Input data:
▽
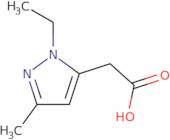 2-(1-Ethyl-3-methyl-1H-pyrazol-5-yl)acetic acid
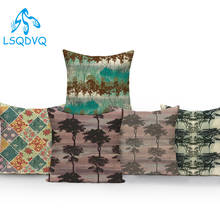 Decorative Throw Pillows Case Elephant Trees Animals Polyester Sofa Home Cushion Cover For Living Room Almofadas 2024 - buy cheap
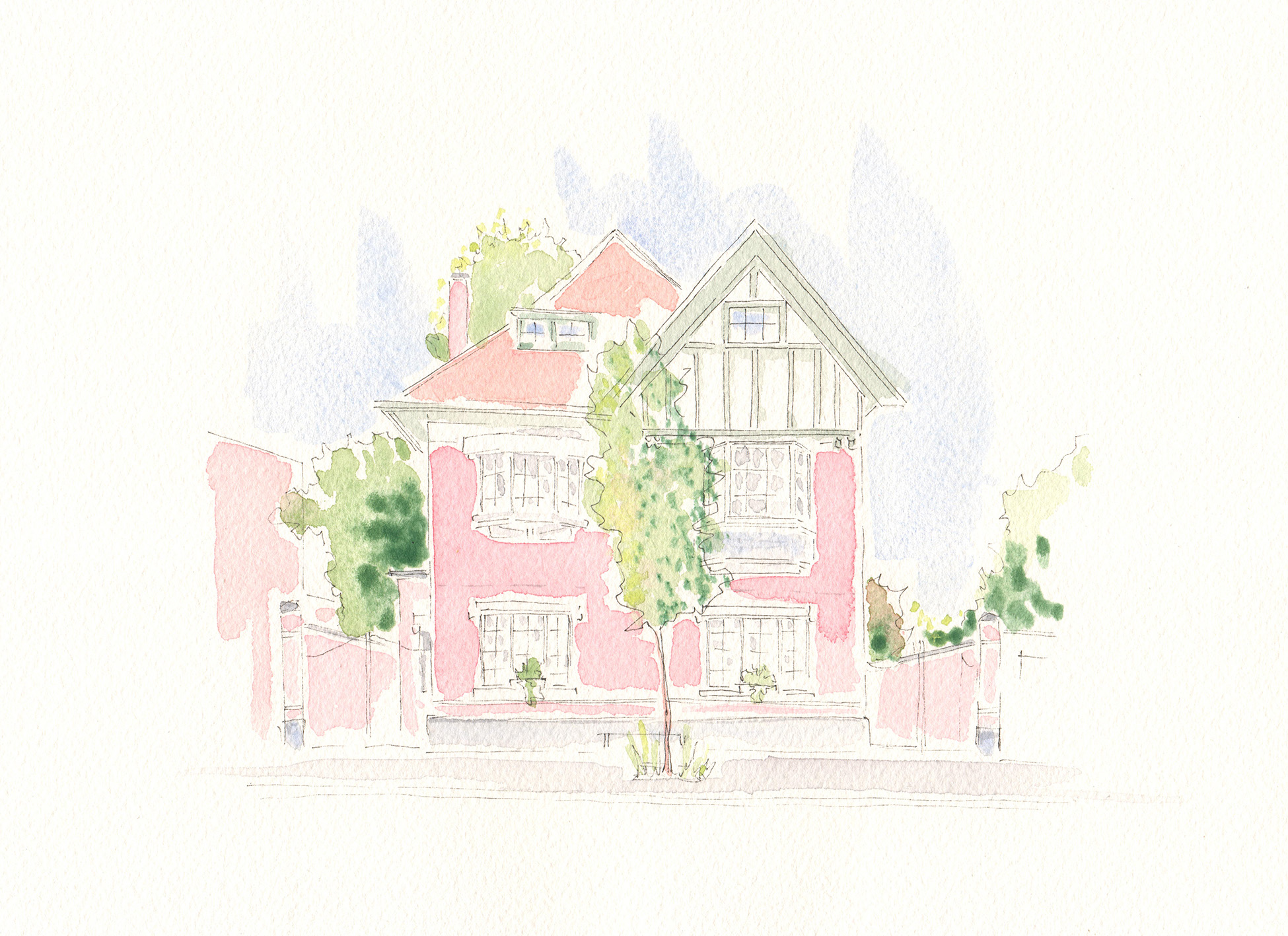 aquarelle woning VKL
△
Work request: Pictures aside, give the data again exactly as it appears.

Solution for this exercise:
 2-(1-Ethyl-3-methyl-1H-pyrazol-5-yl)acetic acid
 Decorative Throw Pillows Case Elephant Trees Animals Polyester Sofa Home Cushion Cover For Living Room Almofadas 2024 - buy cheap
 aquarelle woning VKL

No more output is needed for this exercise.